=== TO DO ===
If pictures appear in the lines below, skip them and copy exactly the lines from the one containing "Green Tea &" through the one containing "Zynkez Portable Washing", and nothing else.

=== GIVEN RECORDS ===
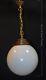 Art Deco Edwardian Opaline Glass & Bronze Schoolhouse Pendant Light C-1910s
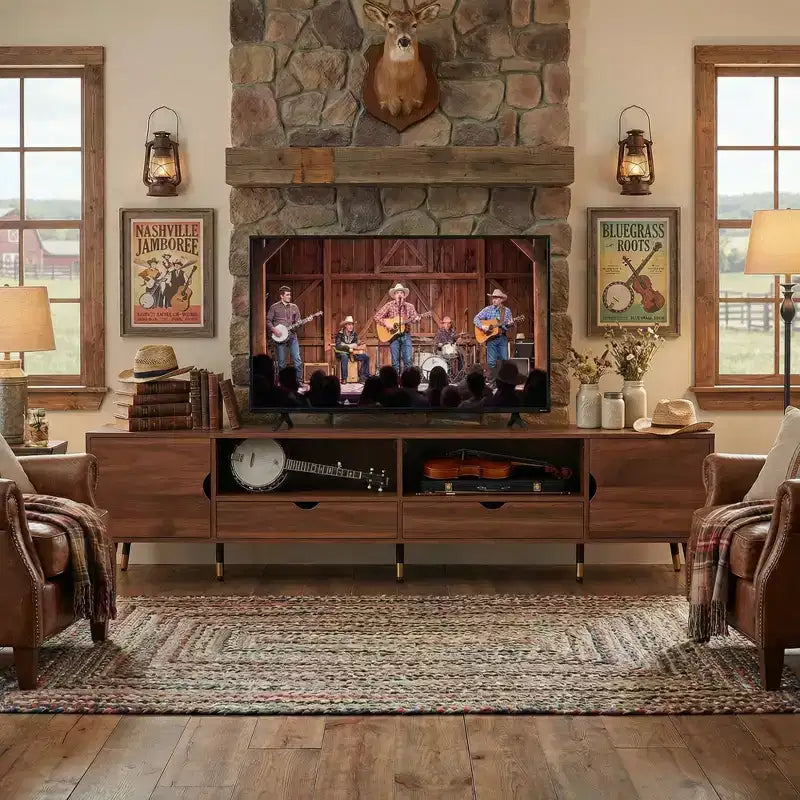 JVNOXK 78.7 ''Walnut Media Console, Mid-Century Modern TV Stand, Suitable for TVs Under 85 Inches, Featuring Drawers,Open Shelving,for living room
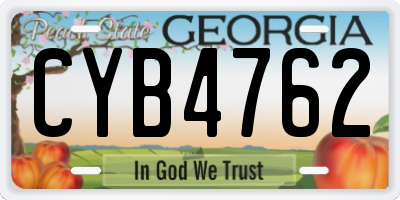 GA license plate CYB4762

---

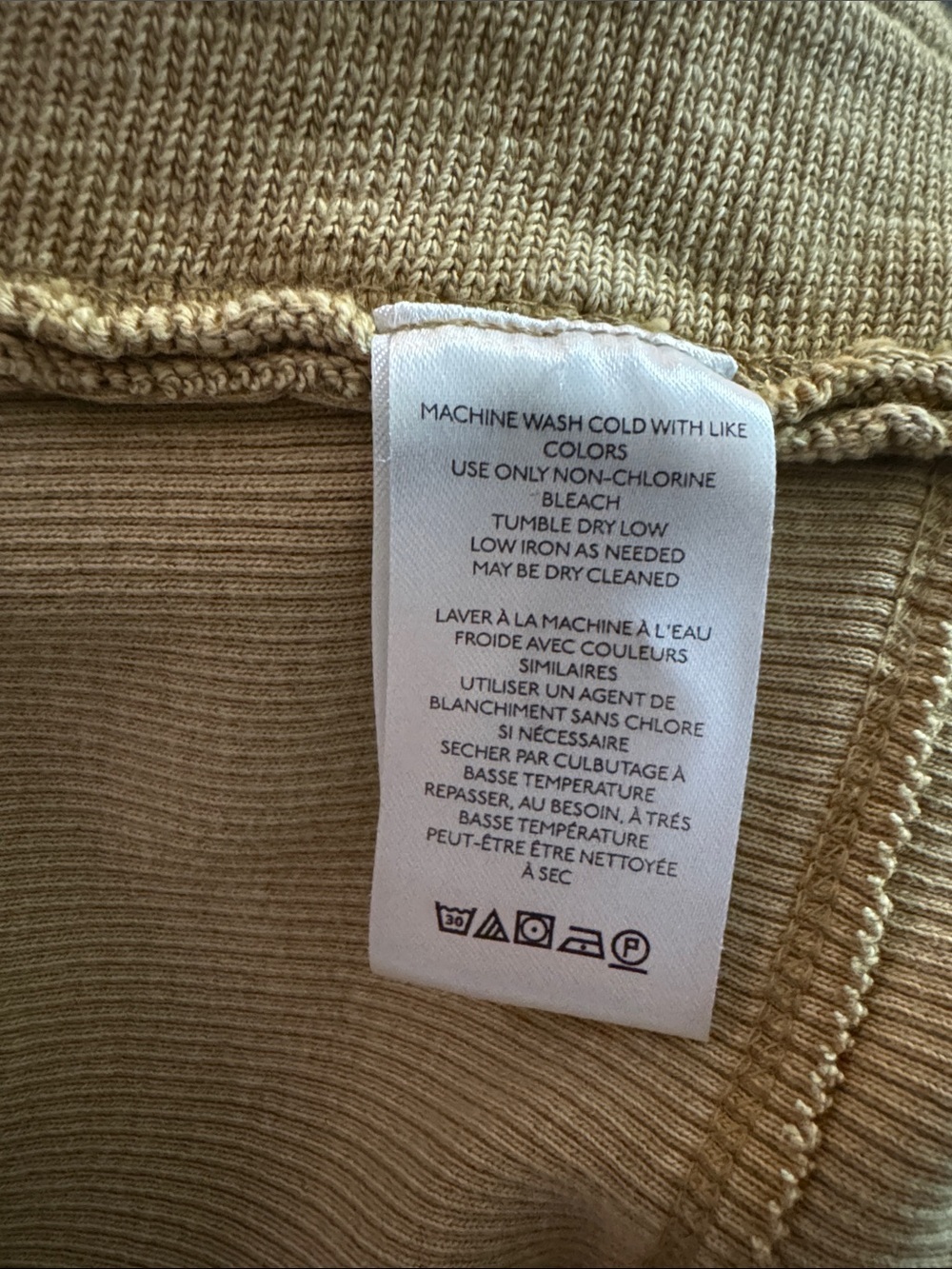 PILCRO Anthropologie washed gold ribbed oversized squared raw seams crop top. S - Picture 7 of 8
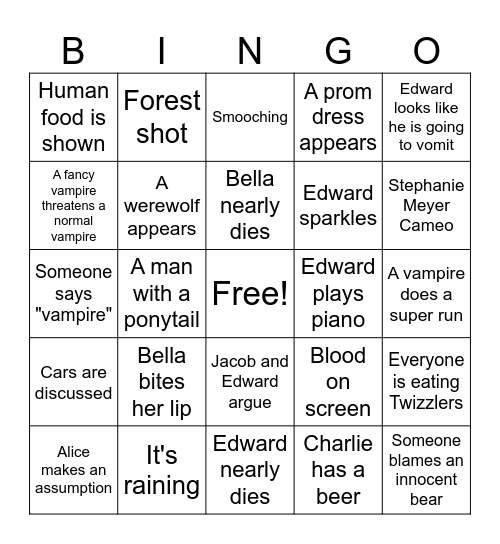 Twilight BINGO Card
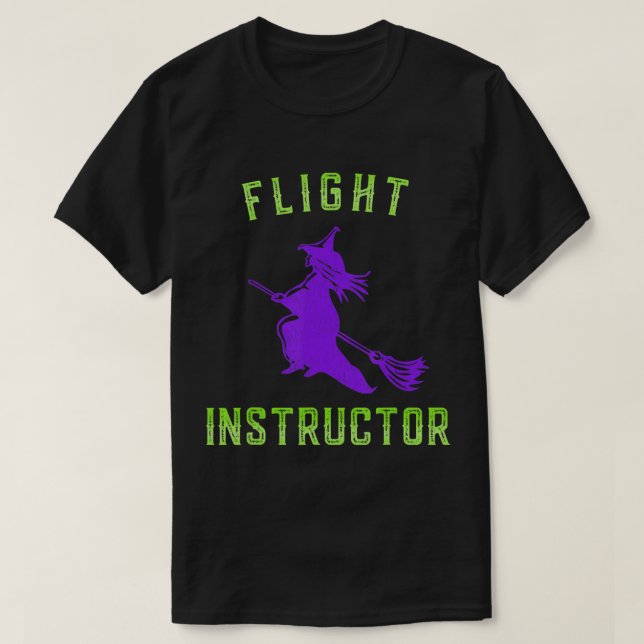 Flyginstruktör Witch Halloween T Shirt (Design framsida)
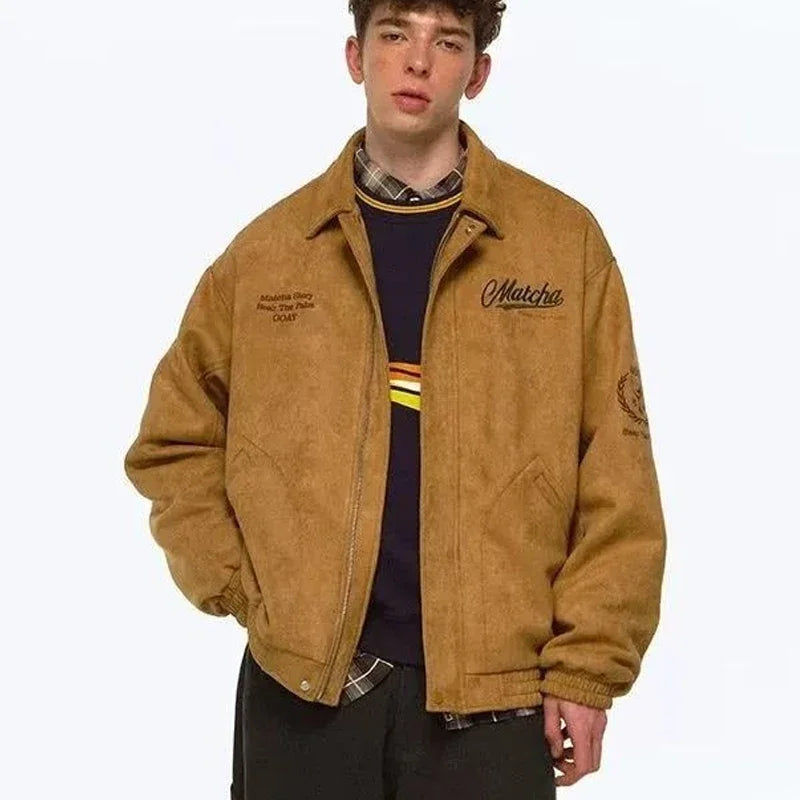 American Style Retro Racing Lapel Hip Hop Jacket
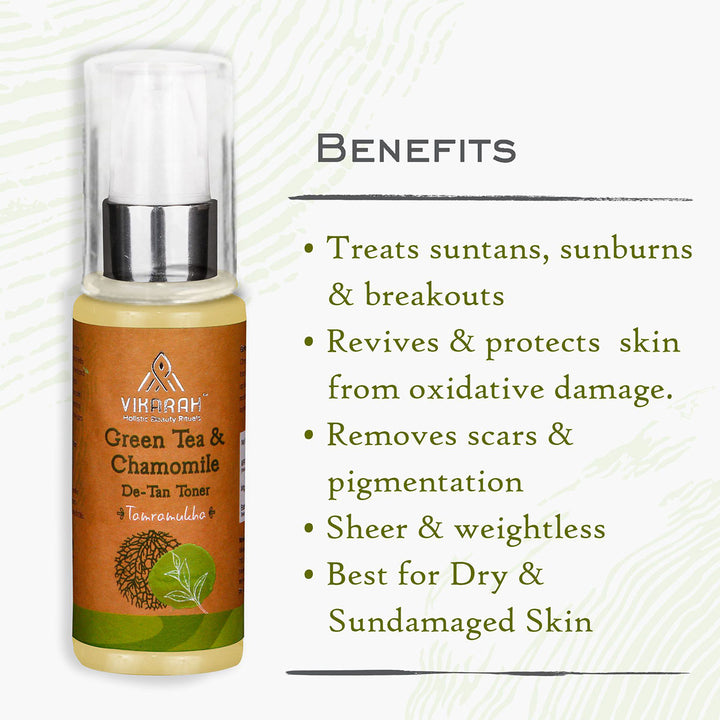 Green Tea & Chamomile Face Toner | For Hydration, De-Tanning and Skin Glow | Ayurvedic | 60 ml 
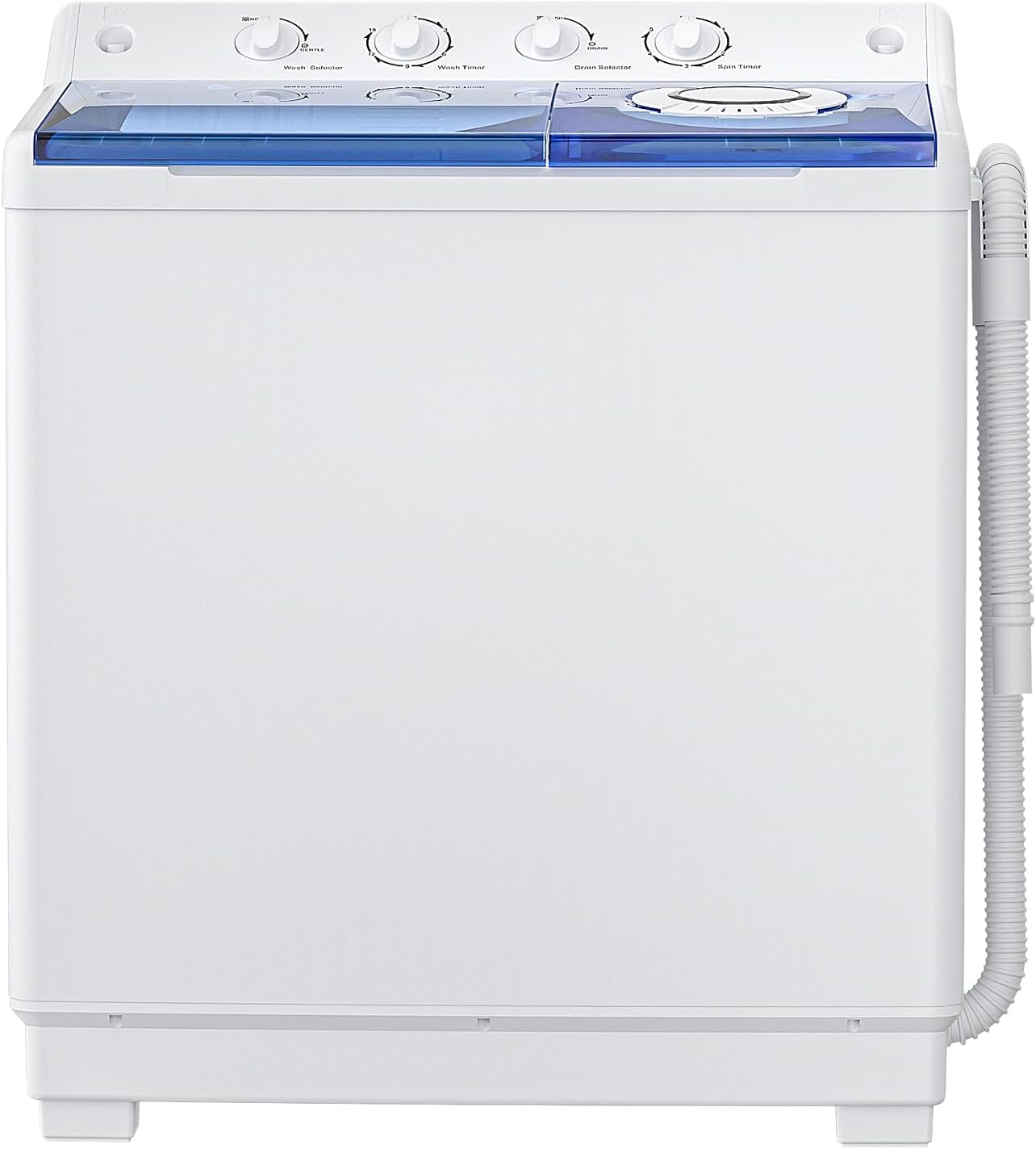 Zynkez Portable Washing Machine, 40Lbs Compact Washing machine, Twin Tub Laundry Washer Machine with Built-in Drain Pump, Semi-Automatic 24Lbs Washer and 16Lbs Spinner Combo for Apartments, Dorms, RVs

=== WRITTEN ANSWER ===
 Green Tea & Chamomile Face Toner | For Hydration, De-Tanning and Skin Glow | Ayurvedic | 60 ml 
 Zynkez Portable Washing Machine, 40Lbs Compact Washing machine, Twin Tub Laundry Washer Machine with Built-in Drain Pump, Semi-Automatic 24Lbs Washer and 16Lbs Spinner Combo for Apartments, Dorms, RVs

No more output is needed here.